With typed relations:

  • kbx entity relations "Person A" → shows direct reports, projects, collaborators
  • kbx search "migration" --entity "Person A" → expands to include documents from related entities (Person A's team, Person A's projects)
  • kbx person find "Person A" → profile includes a relations section
  • Debrief pipeline can auto-extract relations from meeting transcripts ("Person A is taking over Project X")

Inspiration: OpenViking stores bidirectional URI-to-URI links with reasons via a RelationService.

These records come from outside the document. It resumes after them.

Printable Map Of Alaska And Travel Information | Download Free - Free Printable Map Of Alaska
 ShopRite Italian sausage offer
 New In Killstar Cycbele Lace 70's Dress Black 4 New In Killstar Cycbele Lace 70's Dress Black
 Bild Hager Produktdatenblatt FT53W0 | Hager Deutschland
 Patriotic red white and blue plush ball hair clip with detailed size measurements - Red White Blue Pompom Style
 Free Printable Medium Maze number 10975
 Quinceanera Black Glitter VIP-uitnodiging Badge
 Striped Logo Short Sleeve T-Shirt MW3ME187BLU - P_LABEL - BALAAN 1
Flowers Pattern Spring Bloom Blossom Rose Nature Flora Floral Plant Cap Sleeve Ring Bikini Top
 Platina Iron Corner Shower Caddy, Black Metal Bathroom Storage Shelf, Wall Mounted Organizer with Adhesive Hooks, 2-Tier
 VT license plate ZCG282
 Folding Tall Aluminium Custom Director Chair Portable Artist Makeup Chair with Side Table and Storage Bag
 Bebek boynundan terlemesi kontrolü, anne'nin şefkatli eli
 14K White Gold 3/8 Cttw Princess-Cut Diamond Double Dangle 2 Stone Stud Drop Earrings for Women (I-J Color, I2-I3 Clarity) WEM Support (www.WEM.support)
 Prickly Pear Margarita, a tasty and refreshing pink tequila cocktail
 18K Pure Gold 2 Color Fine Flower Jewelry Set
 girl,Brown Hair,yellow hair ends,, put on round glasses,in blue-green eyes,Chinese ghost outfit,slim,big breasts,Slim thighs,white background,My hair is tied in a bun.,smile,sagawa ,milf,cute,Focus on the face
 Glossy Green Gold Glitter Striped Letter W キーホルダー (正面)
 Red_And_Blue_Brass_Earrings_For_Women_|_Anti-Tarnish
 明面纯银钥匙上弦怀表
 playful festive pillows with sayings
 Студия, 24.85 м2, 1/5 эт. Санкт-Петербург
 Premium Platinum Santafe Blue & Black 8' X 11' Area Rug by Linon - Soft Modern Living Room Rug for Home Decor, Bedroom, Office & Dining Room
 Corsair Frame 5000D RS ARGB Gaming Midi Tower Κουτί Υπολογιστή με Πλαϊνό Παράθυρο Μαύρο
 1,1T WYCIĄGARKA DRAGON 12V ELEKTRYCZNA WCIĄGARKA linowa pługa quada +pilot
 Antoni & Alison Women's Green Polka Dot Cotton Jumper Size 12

Relations are auto-created during session commits and queryable via API. Their _create_relations() method extracts URIs from context parts and creates bidirectional links.

Design

1. Relation Schema

New relations table in SQLite:

CREATE TABLE relations (
    id INTEGER PRIMARY KEY AUTOINCREMENT,
    source_entity_id INTEGER NOT NULL REFERENCES entities(id),
    target_entity_id INTEGER NOT NULL REFERENCES entities(id),
    relation_type TEXT NOT NULL,          -- constrained vocabulary
    reason TEXT,                          -- free-text explanation
    source_doc_path TEXT,                 -- document that evidences this relation
    confidence TEXT DEFAULT 'manual',     -- 'manual', 'auto-high', 'auto-low'
    created_at TEXT NOT NULL,             -- ISO 8601
    updated_at TEXT,                      -- ISO 8601
    valid_until TEXT,                     -- ISO 8601, NULL = indefinite

    UNIQUE(source_entity_id, target_entity_id, relation_type)
);

CREATE INDEX idx_relations_source ON relations(source_entity_id);
CREATE INDEX idx_relations_target ON relations(target_entity_id);
CREATE INDEX idx_relations_type ON relations(relation_type);

Unique constraint: One relation of each type per source→target pair. Creating a duplicate updates the existing relation (reason, source_doc, updated_at).

2. Relation Types

Constrained vocabulary with free-text fallback. Predefined types cover 90% of cases; custom type with a required reason covers the rest.

Person → Person

Type Inverse Example
reports-to manages Person A reports to Person B
collaborates-with collaborates-with Person A collaborates with Person B (symmetric)
mentors mentored-by Person A mentors Person B
delegates-to delegated-from Person A delegates work to Person B

Person → Project

Type Inverse Example
leads led-by Person A leads Project X
contributes-to contributor Person A contributes to Project X
sponsors sponsored-by Person A sponsors Project X
reviews reviewed-by Person A reviews Project X

Person → Team

Type Inverse Example
member-of has-member Person A is a member of Team X
leads led-by Person A leads Team X (reuses same type)

Project → Project

Type Inverse Example
depends-on depended-on-by Project X depends on Project Y
blocks blocked-by Project X blocks Project Y
related-to related-to Project X is related to Project Y (symmetric)

Any → Any

Type Inverse Example
custom custom Free-text, reason required

Validation: The CLI and API validate that relation types are appropriate for the source/target entity types (e.g. reports-to only valid for person→person). custom is always allowed.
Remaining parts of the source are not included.